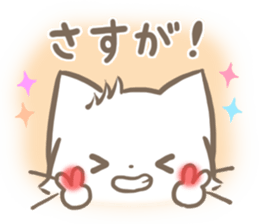 mild-fluffy-White cat -Concern- sticker #6720143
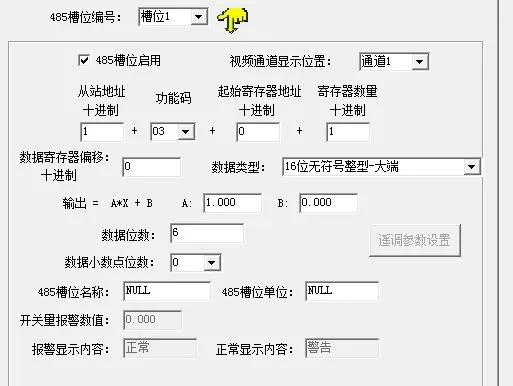 Modbus网络视频字符叠加器使用说明书插图18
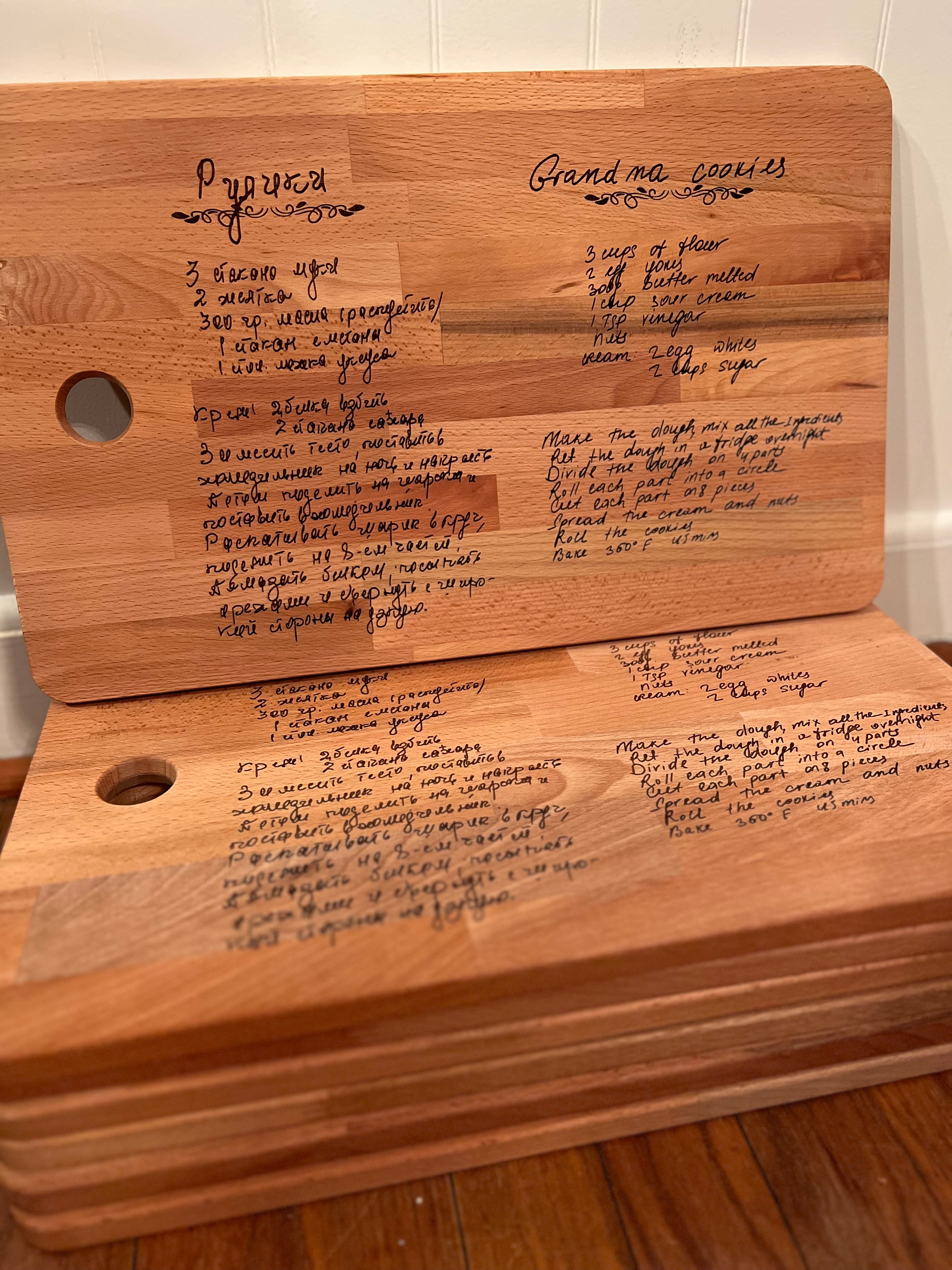 Recipe Cutting Board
....
Exact copy, no pictures: reproduce the whole listing above.

 mild-fluffy-White cat -Concern- sticker #6720143
 Modbus网络视频字符叠加器使用说明书插图18
 Recipe Cutting Board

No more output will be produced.